======== DATA EXTRACTS

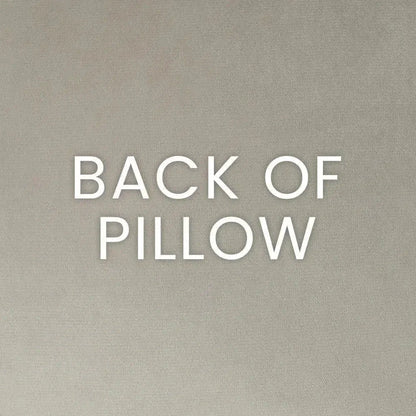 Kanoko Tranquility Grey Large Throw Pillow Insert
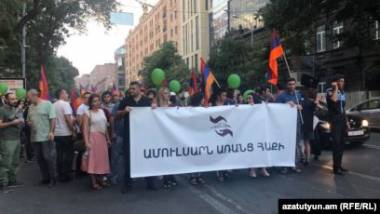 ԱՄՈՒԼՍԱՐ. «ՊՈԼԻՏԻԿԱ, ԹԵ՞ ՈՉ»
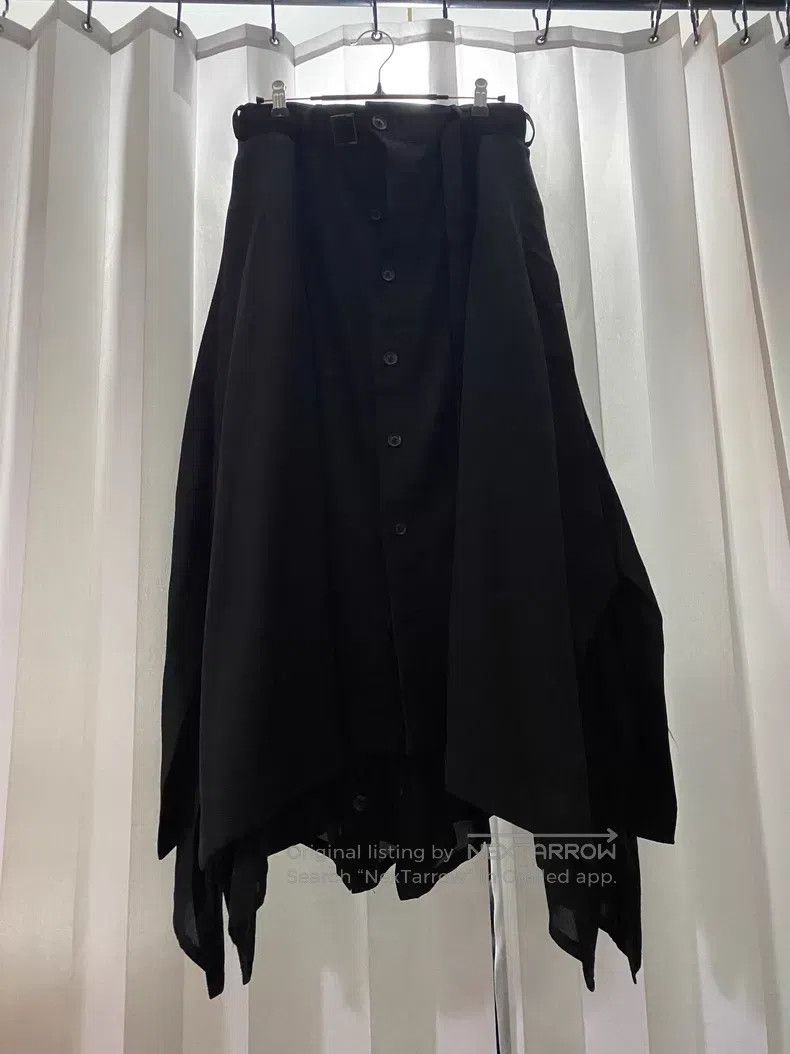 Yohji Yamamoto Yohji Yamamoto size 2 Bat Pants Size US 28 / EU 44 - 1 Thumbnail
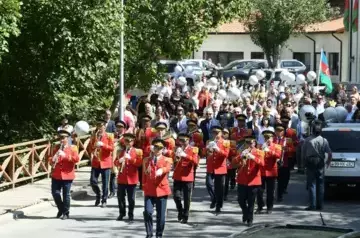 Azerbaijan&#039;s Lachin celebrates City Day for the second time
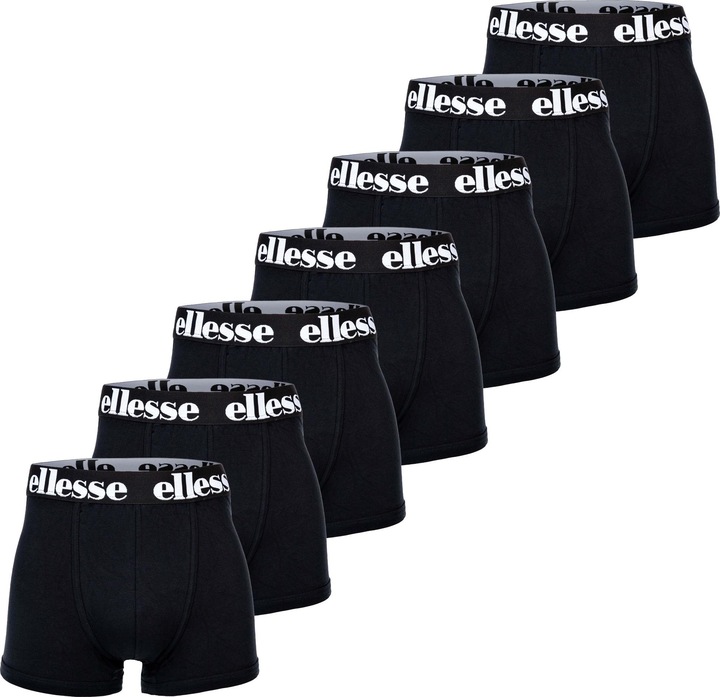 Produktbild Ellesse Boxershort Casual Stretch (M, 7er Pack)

================

* YOUR TASK
Quote the preceding listing precisely and completely, omitting its images.

* YOUR SOLUTION
 Kanoko Tranquility Grey Large Throw Pillow Insert
 ԱՄՈՒԼՍԱՐ. «ՊՈԼԻՏԻԿԱ, ԹԵ՞ ՈՉ»
 Yohji Yamamoto Yohji Yamamoto size 2 Bat Pants Size US 28 / EU 44 - 1 Thumbnail
 Azerbaijan&#039;s Lachin celebrates City Day for the second time
 Produktbild Ellesse Boxershort Casual Stretch (M, 7er Pack)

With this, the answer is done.